INFORMATION PROVIDED:

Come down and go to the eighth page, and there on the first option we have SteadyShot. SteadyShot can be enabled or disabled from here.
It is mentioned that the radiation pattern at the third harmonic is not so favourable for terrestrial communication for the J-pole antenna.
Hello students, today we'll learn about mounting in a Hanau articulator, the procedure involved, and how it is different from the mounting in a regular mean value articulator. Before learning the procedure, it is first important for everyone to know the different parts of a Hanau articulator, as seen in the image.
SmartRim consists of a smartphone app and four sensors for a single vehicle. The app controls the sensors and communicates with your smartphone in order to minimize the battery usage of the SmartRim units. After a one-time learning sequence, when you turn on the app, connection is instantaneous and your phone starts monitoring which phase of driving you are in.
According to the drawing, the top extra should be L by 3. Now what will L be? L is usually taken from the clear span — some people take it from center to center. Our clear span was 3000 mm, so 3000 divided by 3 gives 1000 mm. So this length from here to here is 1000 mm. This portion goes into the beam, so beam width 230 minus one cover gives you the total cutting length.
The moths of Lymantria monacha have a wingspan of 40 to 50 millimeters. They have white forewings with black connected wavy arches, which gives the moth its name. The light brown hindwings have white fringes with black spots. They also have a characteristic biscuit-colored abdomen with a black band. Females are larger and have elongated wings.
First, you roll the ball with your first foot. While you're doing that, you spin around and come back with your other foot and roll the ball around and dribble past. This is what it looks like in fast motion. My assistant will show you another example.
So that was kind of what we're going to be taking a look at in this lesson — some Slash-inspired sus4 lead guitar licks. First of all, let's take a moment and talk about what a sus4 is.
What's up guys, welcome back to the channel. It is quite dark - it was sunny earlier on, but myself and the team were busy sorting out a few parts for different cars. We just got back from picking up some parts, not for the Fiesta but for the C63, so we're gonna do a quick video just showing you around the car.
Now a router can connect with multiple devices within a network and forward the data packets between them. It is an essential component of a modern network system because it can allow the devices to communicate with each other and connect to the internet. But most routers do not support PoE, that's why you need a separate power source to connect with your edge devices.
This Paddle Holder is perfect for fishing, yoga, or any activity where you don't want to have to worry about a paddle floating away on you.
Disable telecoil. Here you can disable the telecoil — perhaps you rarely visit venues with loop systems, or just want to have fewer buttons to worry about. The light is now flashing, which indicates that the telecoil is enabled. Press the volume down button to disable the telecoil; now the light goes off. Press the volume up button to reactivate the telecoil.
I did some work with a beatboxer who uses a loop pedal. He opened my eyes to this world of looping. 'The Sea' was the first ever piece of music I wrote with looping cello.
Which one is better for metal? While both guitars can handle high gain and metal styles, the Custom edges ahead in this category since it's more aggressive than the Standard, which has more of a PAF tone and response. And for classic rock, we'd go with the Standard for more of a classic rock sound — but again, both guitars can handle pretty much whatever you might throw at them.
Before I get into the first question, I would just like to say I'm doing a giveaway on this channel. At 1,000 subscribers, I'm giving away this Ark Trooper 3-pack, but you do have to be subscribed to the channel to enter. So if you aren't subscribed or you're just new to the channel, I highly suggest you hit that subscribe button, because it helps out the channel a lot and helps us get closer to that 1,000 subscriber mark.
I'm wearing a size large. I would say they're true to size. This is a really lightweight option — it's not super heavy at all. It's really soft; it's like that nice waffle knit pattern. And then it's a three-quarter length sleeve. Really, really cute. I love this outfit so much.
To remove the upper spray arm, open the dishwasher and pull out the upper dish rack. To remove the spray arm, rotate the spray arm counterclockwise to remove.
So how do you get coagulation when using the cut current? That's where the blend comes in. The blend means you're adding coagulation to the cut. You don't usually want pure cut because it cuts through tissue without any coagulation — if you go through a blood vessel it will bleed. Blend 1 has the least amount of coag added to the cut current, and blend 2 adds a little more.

YOUR INSTRUCTIONS:
Print the line that contains "To remove the upper" and each line after it up to the end of the listing, exactly as written.

ANSWER FOR THE TASK:
To remove the upper spray arm, open the dishwasher and pull out the upper dish rack. To remove the spray arm, rotate the spray arm counterclockwise to remove.
So how do you get coagulation when using the cut current? That's where the blend comes in. The blend means you're adding coagulation to the cut. You don't usually want pure cut because it cuts through tissue without any coagulation — if you go through a blood vessel it will bleed. Blend 1 has the least amount of coag added to the cut current, and blend 2 adds a little more.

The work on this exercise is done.